Arthur Lira, Presidente da Câmara dos Deputados, acabou gastando cartucho político seu para pautar regime de urgência para um projeto de lei que altera algo vigente desde 1940 no Brasil – o crime de aborto do Código Penal Brasileiro. Tanto é assim que na última terça-feira, dia 18 de junho, teve que fazer um pronunciamento que acabou indo na contramão do que ele mesmo tinha decidido.

No pronunciamento disse que nenhum assunto importante para o Brasil teria sido encaminhado sem debate. Ora, então por que estabeleceu regime de urgência para o PL? Que na prática é ir diretamente para o plenário sem passar por discussões nas comissões.

Afirma ainda, contrariamente ao PL 1904, que nada iria avançar na Câmara que vilipendiasse os direitos adquiridos pelas mulheres. O que também é um contrassenso, já que, ao se limitar o alcance da autorização legal para o aborto em caso de estupro, fere-se o direito atuais das mulheres.

No final das contas, a “casca de banana” que o Congresso costuma jogar para o governo quando o tema são os costumes, acabou servindo para o escorregamento dos próprios parlamentares.

Uma discussão institucional de bom nível sobre o aborto se deu em 2012 no âmbito da Arguição de Descumprimento de Preceito Fundamental (ADPF) 54, em que o STF julgou a possibilidade de interrupção da gravidez em caso de feto anencefálico, que se juntou às autorizações já permitidas pelo Código Penal.

Na ocasião, foram ouvidas entidades e houve bastante pressão religiosa às portas do tribunal, tudo de acordo com o trabalho político-educacional a cargo delas mesmo.

Vou pontuar uma questão muito interessante extraída do voto da ministra Rosa Weber, que se baseou na filosofia da linguagem e do direito para fundamentá-lo: o Direito é o mundo do dever ser, a vida é o mundo do ser. Ou seja, a característica primordial do Direito é o estabelecimento de normas de observância obrigatória e, caso não cumpridas, o Estado as fará cumprir por meio da força.

Há outros tipos de normas, como as religiosas, por exemplo, em que as sanções são divinas. Faz parte da luta política tentar que sua norma religiosa, ou não, faça parte do mundo jurídico para daí poder usar a força do Estado para que seja observada.

Algo pontuado pela ministra, e que é chamado de falácia naturalista, é que o fato de uma ciência descrever algo como vida, não necessariamente ela entrará no mundo das normas jurídicas; não entrará automaticamente no mundo do dever ser. No mundo do dever ser impera a lógica das normas deste mundo.

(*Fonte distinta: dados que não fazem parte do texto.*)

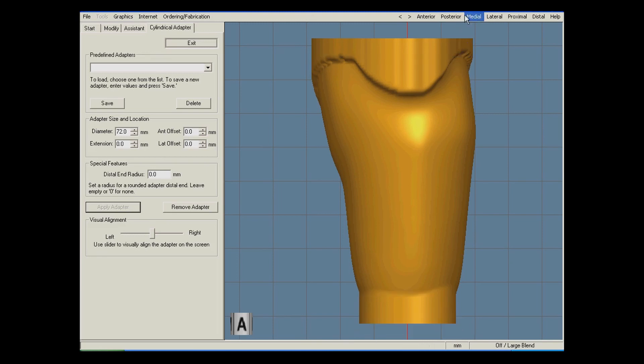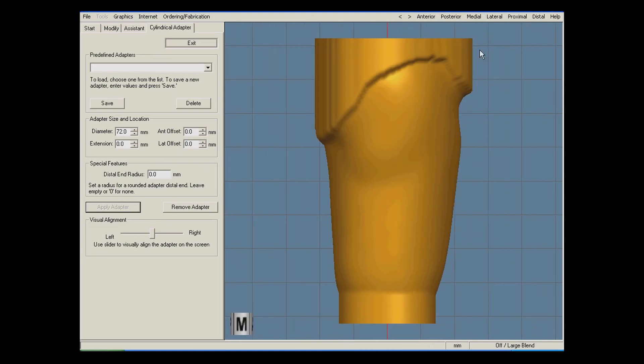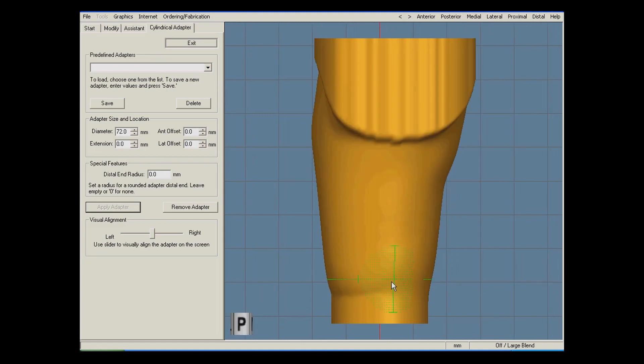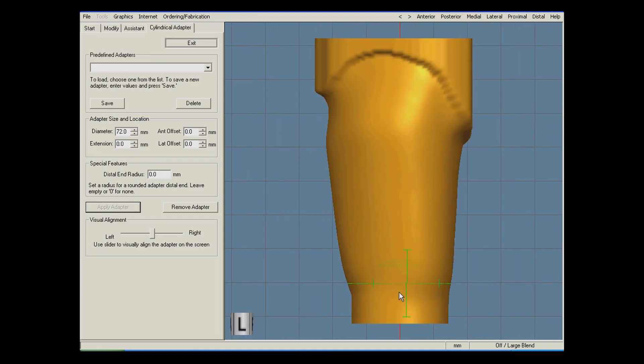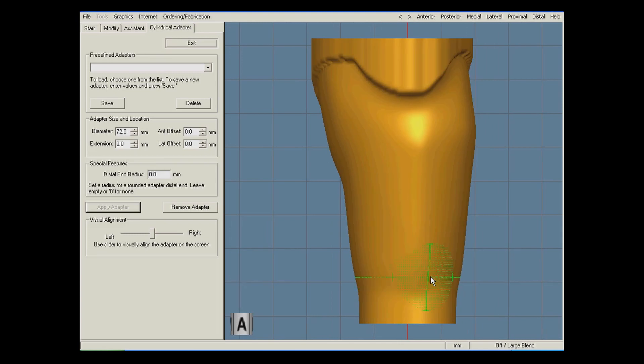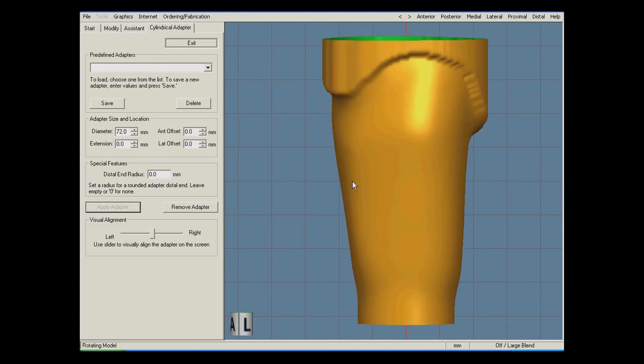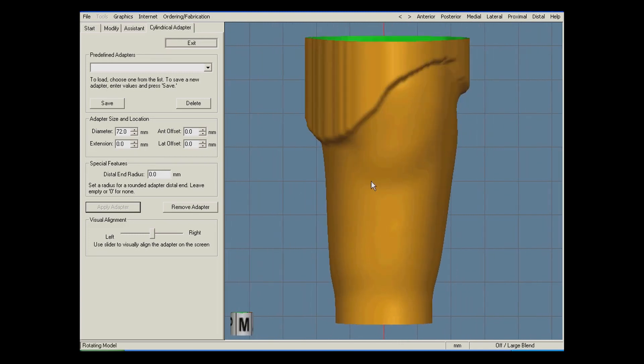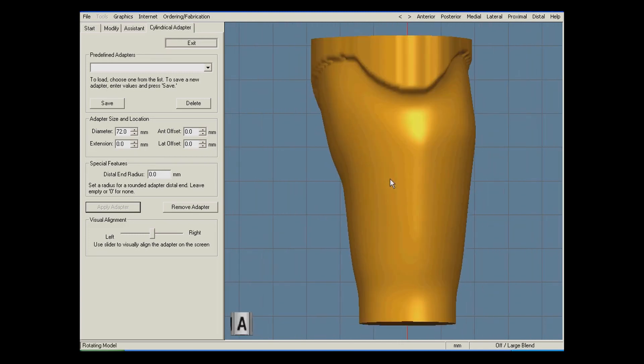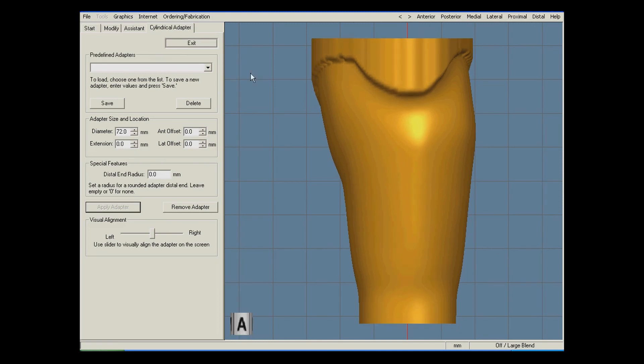Now to finish the modifications, I use the large blend tool to smooth out the connection between the adapter and the socket. This finishes all the modifications we needed, so the socket is now ready to be printed.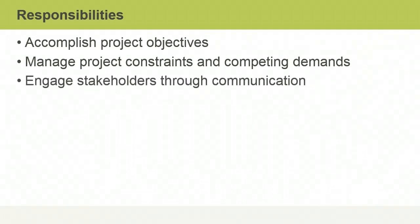Engage stakeholders through communication. As a project manager, you're responsible to your stakeholders. You must keep them engaged and seek their support and buy-in throughout the project. This is a two-way conversation where stakeholders are encouraged to provide feedback through regular meetings and communication.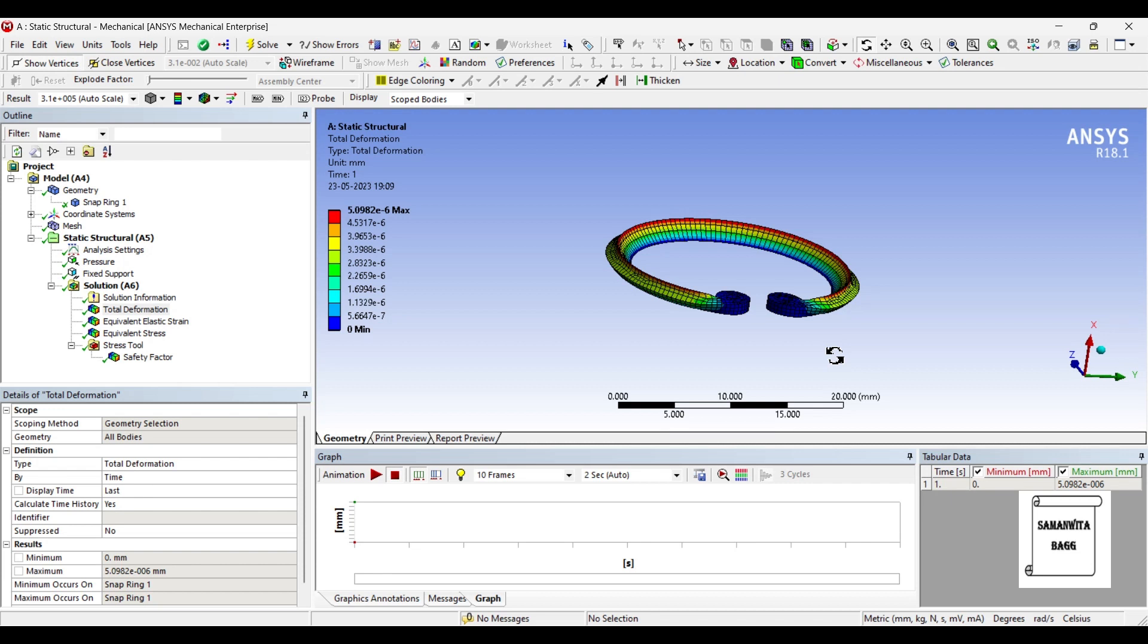So various types of material are available for this snap ring. Snap rings are available in various materials, you can choose any material of your choice for your application. I have just showed you with one material, that is carbon steel AISI 1070.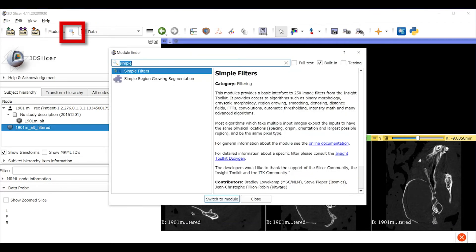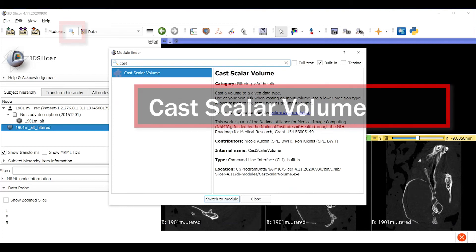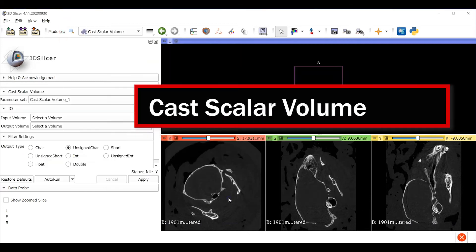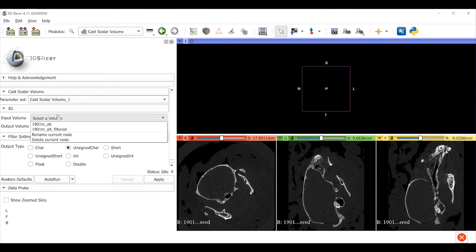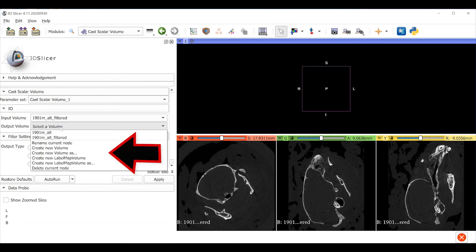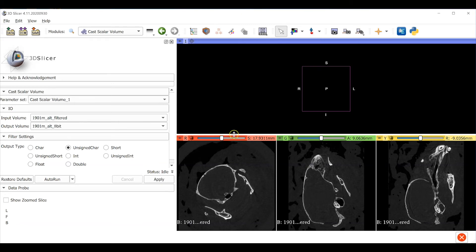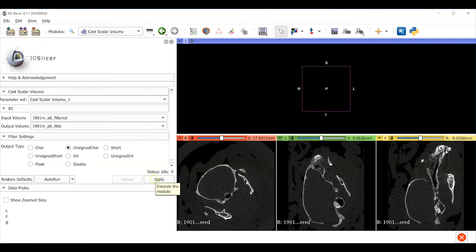We go back to the data module and you can see that this new object has been created. Now use the magnifying glass icon again to search for the cast scalar volume module. Choose the filtered 0 to 255 grayscale object we just made as our input and create a new output volume. Here I appended 8-bit to the name of the new output object. Under output type, select unsigned character. This is an 8-bit data type. Then click apply.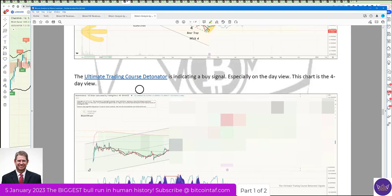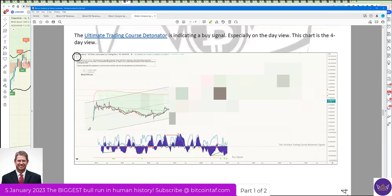Then the other one here is the ultimate day trading course, the detonator. This is the other one I'm using here for Decentraland. You can see this has now come in as a buy tag.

Por que então se permitiu a interrupção da gravidez em caso de fetos anencéfalos? Porque, para o Direito, interessa a vida viável e é este o bem jurídico protegido por suas normas. Se a vida não é viável, como no caso dos anencéfalos, o Direito não a protegerá e a gravidez poderá ser interrompida.

O assunto ainda está longe de ser pacificado no Brasil, mas pelo menos por ora, parece que as normas das forças reacionárias foram freadas pelas forças populares.